- WORK TO BE COMPLETED: Would you print out every entry exactly as given?

::::

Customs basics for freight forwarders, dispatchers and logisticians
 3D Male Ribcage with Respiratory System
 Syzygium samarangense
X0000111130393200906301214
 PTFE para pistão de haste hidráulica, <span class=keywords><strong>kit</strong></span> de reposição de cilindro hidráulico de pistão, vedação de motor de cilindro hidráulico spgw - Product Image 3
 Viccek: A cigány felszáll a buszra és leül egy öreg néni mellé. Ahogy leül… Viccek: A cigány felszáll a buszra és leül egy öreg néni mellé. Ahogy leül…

::::

- EXERCISE ANSWER:
Customs basics for freight forwarders, dispatchers and logisticians
 3D Male Ribcage with Respiratory System
 Syzygium samarangense
X0000111130393200906301214
 PTFE para pistão de haste hidráulica, <span class=keywords><strong>kit</strong></span> de reposição de cilindro hidráulico de pistão, vedação de motor de cilindro hidráulico spgw - Product Image 3
 Viccek: A cigány felszáll a buszra és leül egy öreg néni mellé. Ahogy leül… Viccek: A cigány felszáll a buszra és leül egy öreg néni mellé. Ahogy leül…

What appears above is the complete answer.